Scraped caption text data
*** Begin section ***
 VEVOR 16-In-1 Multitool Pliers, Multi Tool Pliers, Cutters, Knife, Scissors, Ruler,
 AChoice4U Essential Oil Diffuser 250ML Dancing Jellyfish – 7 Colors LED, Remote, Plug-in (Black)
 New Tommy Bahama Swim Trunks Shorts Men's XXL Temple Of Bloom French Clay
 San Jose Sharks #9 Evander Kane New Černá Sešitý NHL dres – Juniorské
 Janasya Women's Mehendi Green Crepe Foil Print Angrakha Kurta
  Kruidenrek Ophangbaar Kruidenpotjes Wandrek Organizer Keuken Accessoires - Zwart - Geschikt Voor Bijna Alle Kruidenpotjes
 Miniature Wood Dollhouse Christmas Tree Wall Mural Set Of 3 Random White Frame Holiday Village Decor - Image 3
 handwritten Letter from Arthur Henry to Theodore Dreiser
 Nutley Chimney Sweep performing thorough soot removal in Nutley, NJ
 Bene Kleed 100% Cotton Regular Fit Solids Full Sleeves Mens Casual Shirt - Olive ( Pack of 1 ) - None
*** End section ***
Problem to solve:
Your answer must be the lines from the one containing "Janasya Women's Mehendi" through the last line of the entries, copied exactly, with no other lines.

Answer section:
 Janasya Women's Mehendi Green Crepe Foil Print Angrakha Kurta
  Kruidenrek Ophangbaar Kruidenpotjes Wandrek Organizer Keuken Accessoires - Zwart - Geschikt Voor Bijna Alle Kruidenpotjes
 Miniature Wood Dollhouse Christmas Tree Wall Mural Set Of 3 Random White Frame Holiday Village Decor - Image 3
 handwritten Letter from Arthur Henry to Theodore Dreiser
 Nutley Chimney Sweep performing thorough soot removal in Nutley, NJ
 Bene Kleed 100% Cotton Regular Fit Solids Full Sleeves Mens Casual Shirt - Olive ( Pack of 1 ) - None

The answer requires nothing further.